• _Data to examine_
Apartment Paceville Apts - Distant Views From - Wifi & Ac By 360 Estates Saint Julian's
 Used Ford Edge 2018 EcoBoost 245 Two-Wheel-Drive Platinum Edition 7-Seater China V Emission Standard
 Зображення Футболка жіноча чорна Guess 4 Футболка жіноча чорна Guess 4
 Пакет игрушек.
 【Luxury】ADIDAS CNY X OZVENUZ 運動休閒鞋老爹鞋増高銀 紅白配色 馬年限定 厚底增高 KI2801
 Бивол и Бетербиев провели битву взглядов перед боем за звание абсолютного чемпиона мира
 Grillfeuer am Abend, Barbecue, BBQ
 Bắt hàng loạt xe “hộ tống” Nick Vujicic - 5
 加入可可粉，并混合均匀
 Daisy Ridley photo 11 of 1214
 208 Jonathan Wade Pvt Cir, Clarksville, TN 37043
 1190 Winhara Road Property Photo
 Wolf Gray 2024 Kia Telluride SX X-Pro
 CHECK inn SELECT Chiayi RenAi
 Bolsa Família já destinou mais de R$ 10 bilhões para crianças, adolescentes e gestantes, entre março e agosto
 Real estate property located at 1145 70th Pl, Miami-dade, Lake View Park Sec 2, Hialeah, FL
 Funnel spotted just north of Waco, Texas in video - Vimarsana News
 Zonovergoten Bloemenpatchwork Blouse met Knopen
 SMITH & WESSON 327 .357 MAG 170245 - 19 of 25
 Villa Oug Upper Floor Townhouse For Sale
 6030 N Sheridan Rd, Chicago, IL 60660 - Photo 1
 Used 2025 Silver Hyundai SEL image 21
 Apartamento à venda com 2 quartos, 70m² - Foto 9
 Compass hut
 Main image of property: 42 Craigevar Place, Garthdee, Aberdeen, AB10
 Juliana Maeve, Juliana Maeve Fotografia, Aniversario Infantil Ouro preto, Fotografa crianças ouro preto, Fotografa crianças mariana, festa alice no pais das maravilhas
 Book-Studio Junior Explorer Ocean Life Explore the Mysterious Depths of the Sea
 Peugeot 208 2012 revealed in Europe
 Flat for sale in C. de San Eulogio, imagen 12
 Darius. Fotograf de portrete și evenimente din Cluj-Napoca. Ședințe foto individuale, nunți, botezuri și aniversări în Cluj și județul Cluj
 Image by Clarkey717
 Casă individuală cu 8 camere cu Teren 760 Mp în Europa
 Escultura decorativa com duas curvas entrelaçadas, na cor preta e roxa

• _Action item_
Repeat verbatim the line holding "Casă individuală cu" and all lines after it, up to the end of the material.

• _Result for this exercise_
 Casă individuală cu 8 camere cu Teren 760 Mp în Europa
 Escultura decorativa com duas curvas entrelaçadas, na cor preta e roxa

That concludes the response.